Scraped caption text data:

● ● ● ●

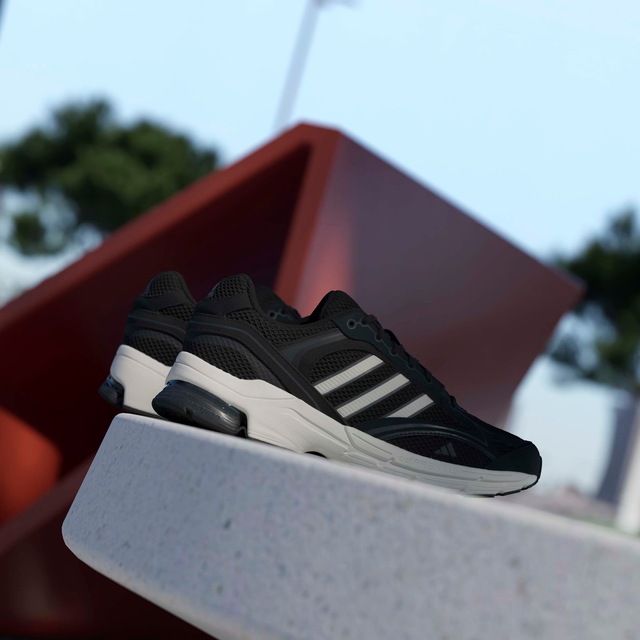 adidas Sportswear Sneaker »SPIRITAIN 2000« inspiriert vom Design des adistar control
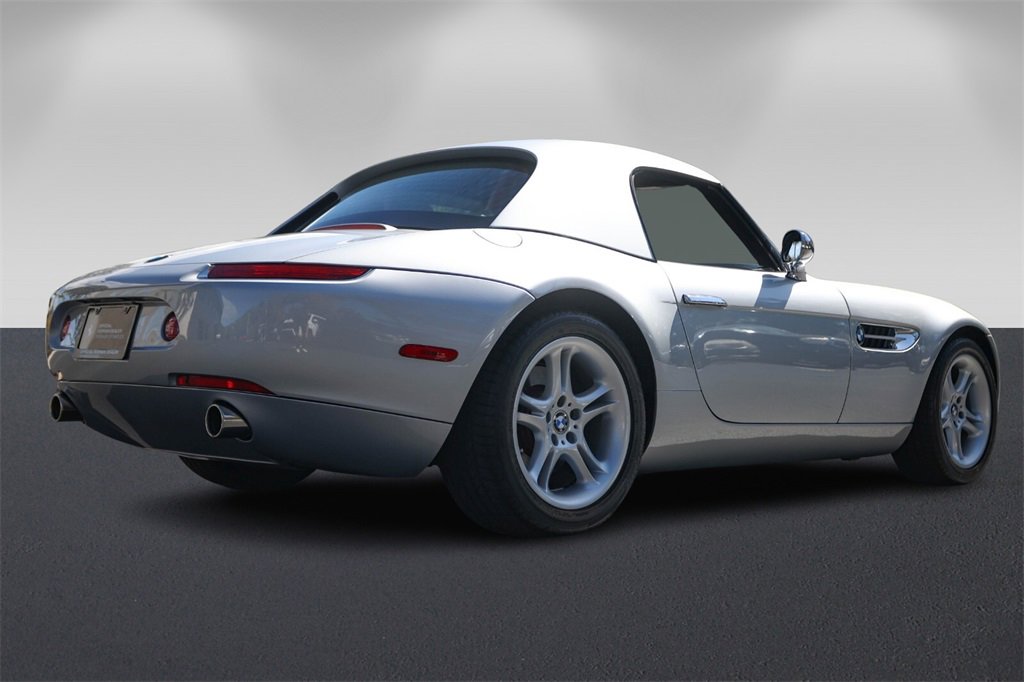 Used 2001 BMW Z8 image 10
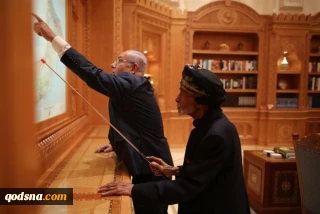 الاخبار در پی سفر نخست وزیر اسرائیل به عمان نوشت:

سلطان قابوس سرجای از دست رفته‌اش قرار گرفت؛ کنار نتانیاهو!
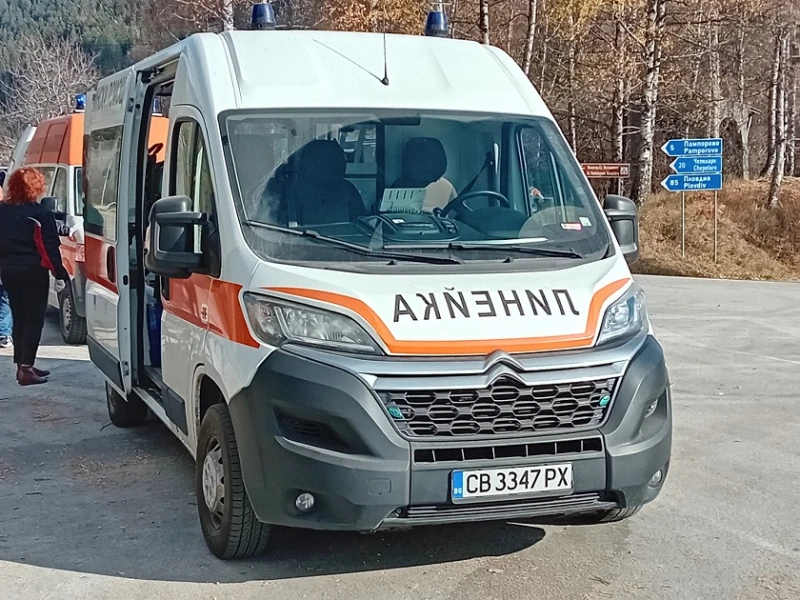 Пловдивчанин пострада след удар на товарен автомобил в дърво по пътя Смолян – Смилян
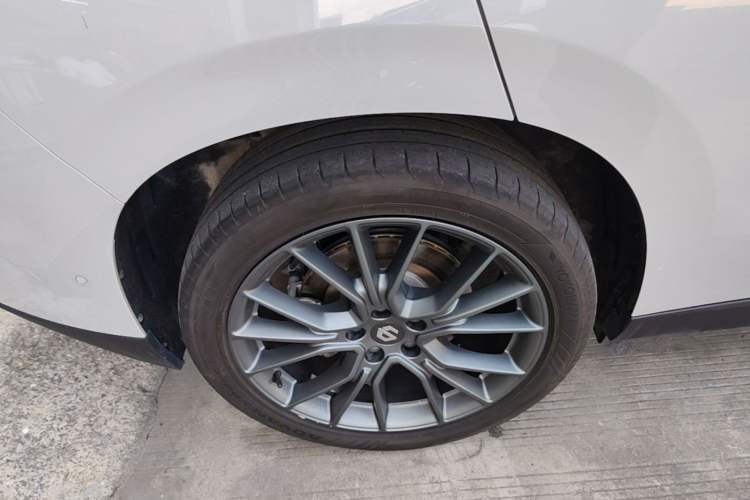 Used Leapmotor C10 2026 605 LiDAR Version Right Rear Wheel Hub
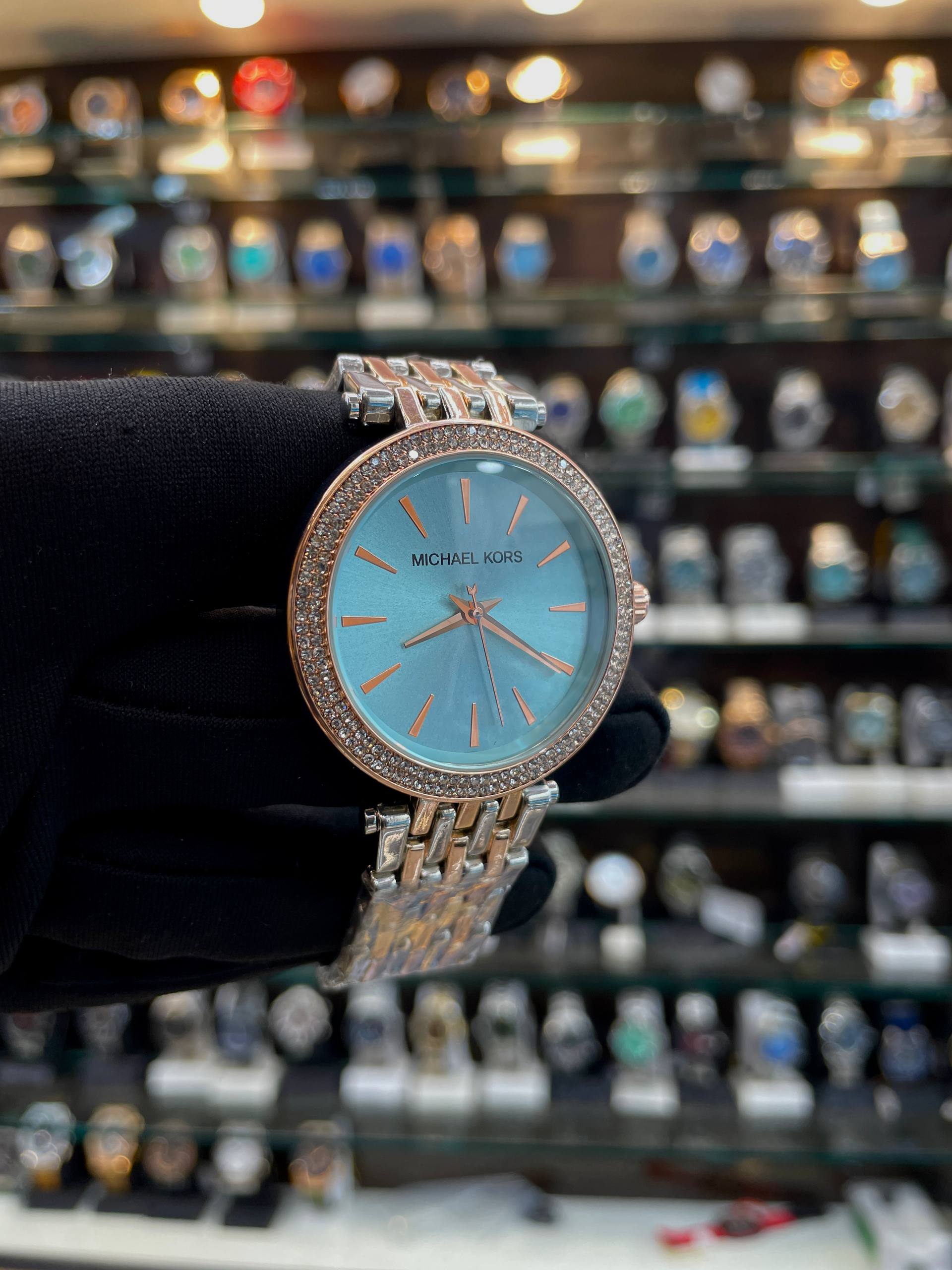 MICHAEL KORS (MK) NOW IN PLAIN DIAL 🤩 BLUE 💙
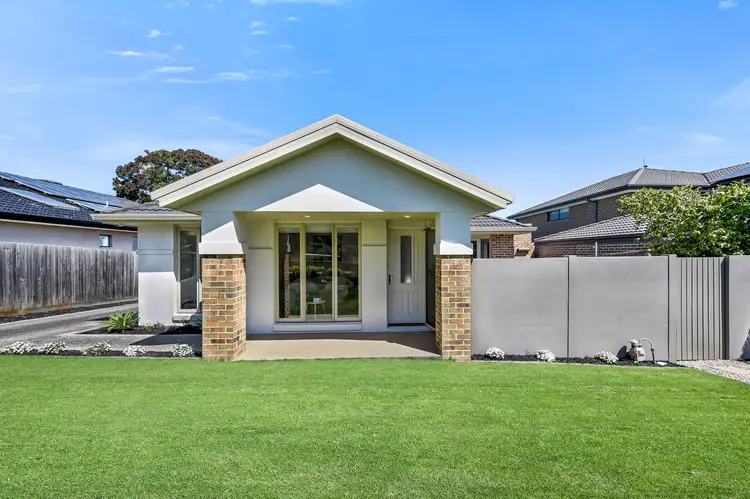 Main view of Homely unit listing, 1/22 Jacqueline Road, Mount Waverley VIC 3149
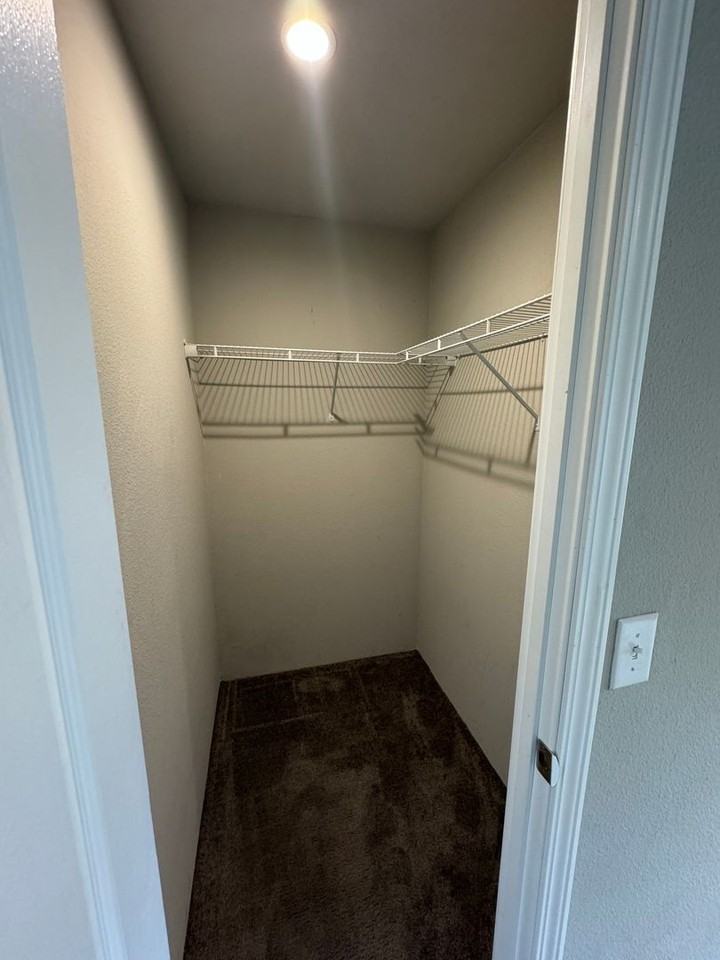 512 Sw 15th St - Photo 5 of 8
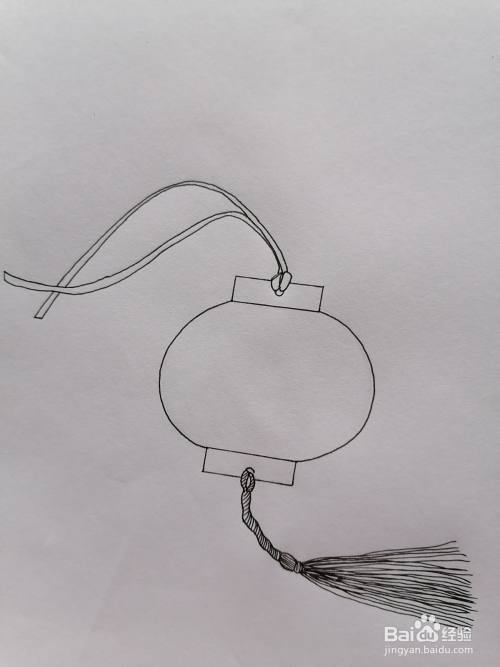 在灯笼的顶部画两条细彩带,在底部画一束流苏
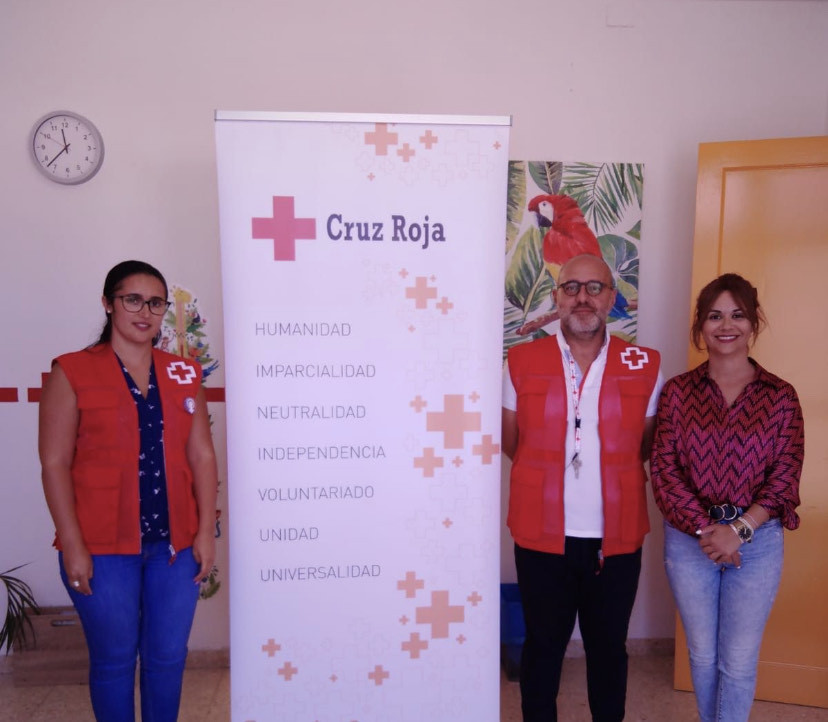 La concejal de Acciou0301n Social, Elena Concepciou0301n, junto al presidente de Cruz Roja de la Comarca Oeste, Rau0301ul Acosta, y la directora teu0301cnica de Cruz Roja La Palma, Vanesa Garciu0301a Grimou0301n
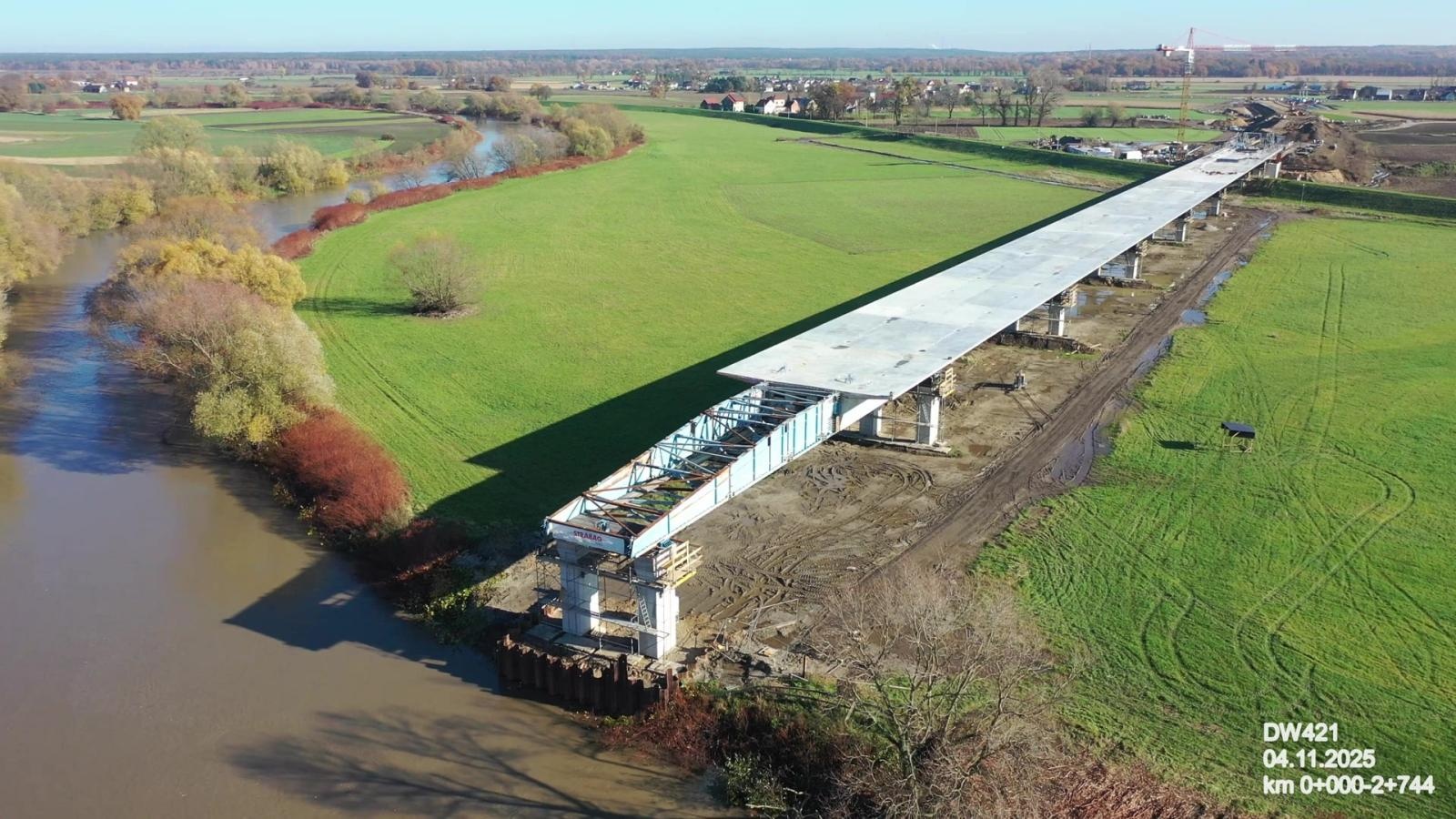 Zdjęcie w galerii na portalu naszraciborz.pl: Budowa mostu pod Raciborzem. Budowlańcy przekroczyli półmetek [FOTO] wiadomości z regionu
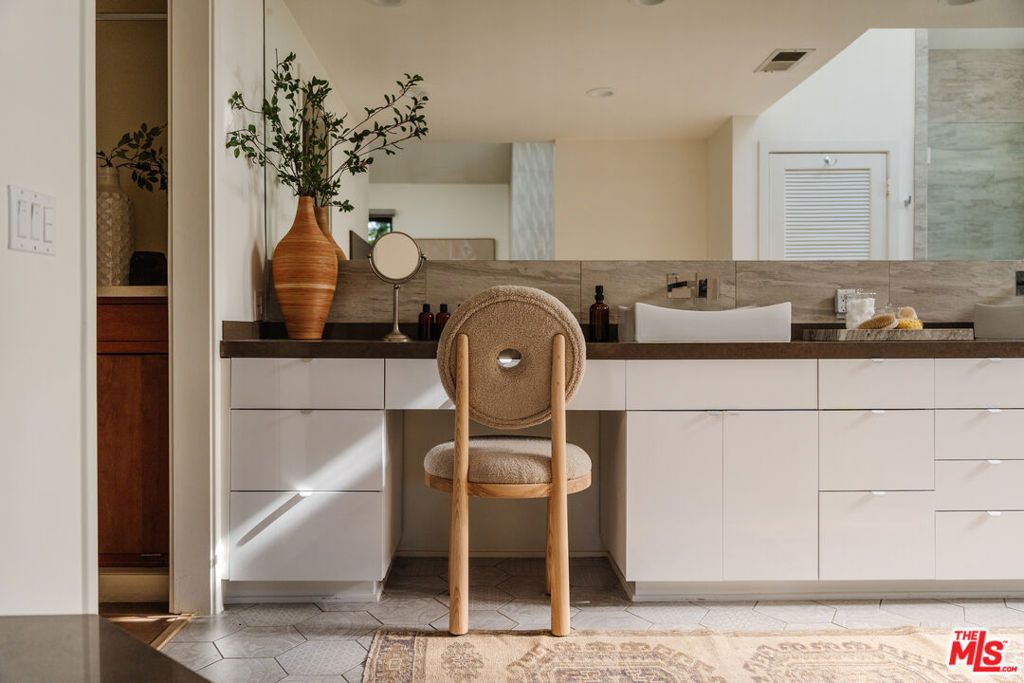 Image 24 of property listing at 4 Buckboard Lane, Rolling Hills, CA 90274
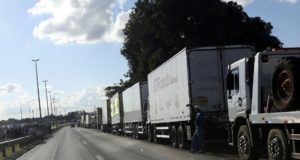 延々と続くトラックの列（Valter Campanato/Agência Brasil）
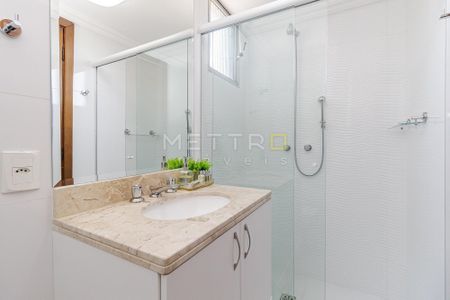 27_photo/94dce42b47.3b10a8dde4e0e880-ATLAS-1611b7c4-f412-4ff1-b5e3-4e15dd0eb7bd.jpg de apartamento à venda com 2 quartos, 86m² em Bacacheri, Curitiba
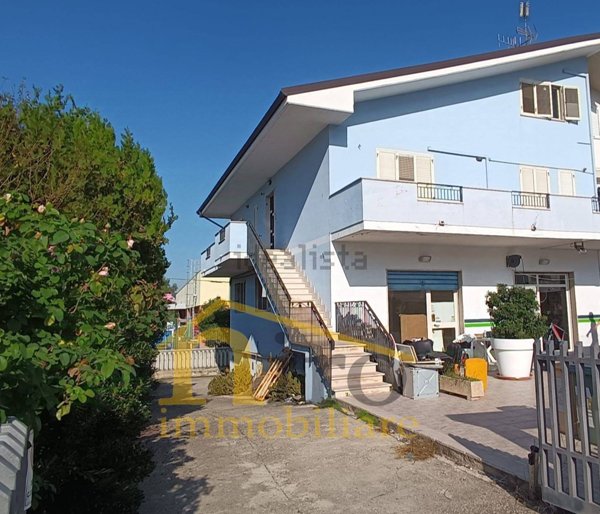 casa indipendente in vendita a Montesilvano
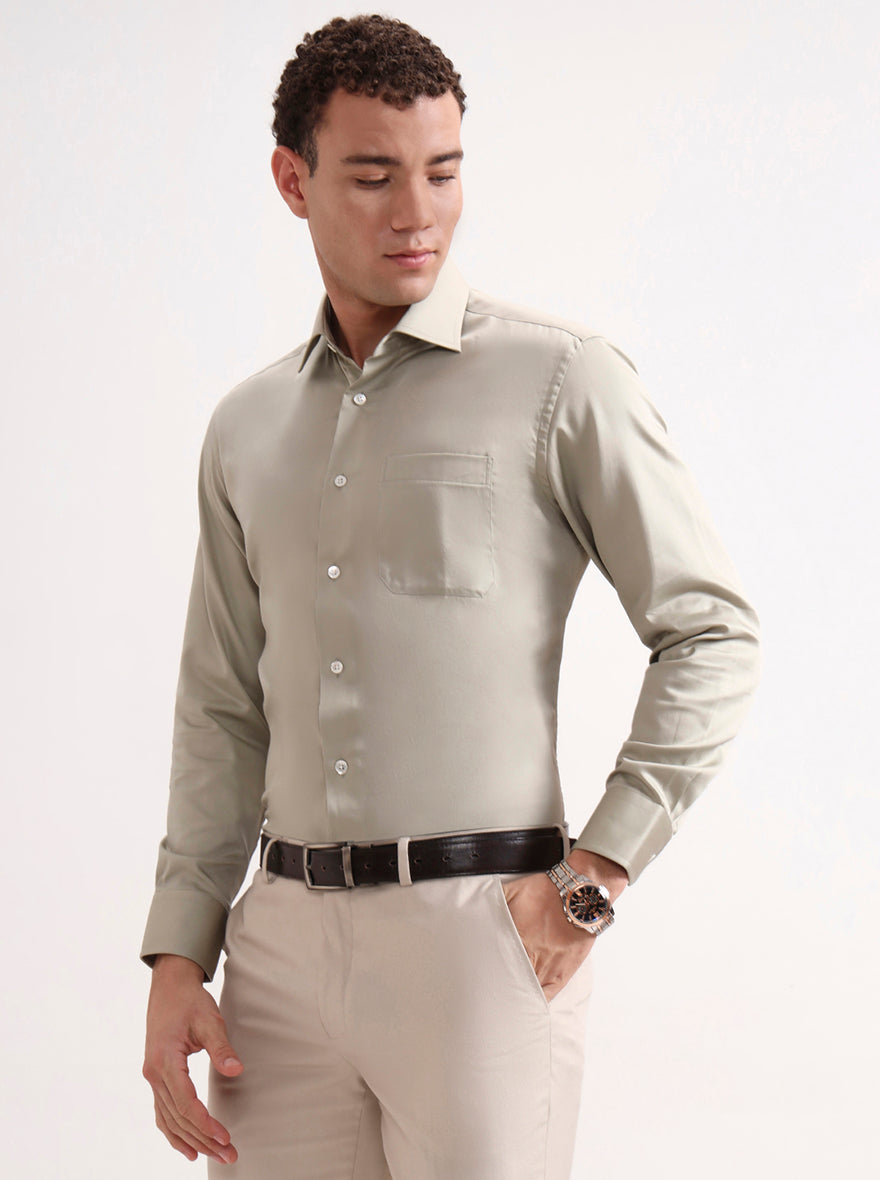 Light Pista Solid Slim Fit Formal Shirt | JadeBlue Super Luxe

● ● ● ●

[ACTIVITY] Print from the line containing "Main view of" through the line containing "Zdjęcie w galerii" in the data above, exactly as the lines stand, and omit every picture.

[TASK OUTPUT]
 Main view of Homely unit listing, 1/22 Jacqueline Road, Mount Waverley VIC 3149
 512 Sw 15th St - Photo 5 of 8
 在灯笼的顶部画两条细彩带,在底部画一束流苏
 La concejal de Acciou0301n Social, Elena Concepciou0301n, junto al presidente de Cruz Roja de la Comarca Oeste, Rau0301ul Acosta, y la directora teu0301cnica de Cruz Roja La Palma, Vanesa Garciu0301a Grimou0301n
 Zdjęcie w galerii na portalu naszraciborz.pl: Budowa mostu pod Raciborzem. Budowlańcy przekroczyli półmetek [FOTO] wiadomości z regionu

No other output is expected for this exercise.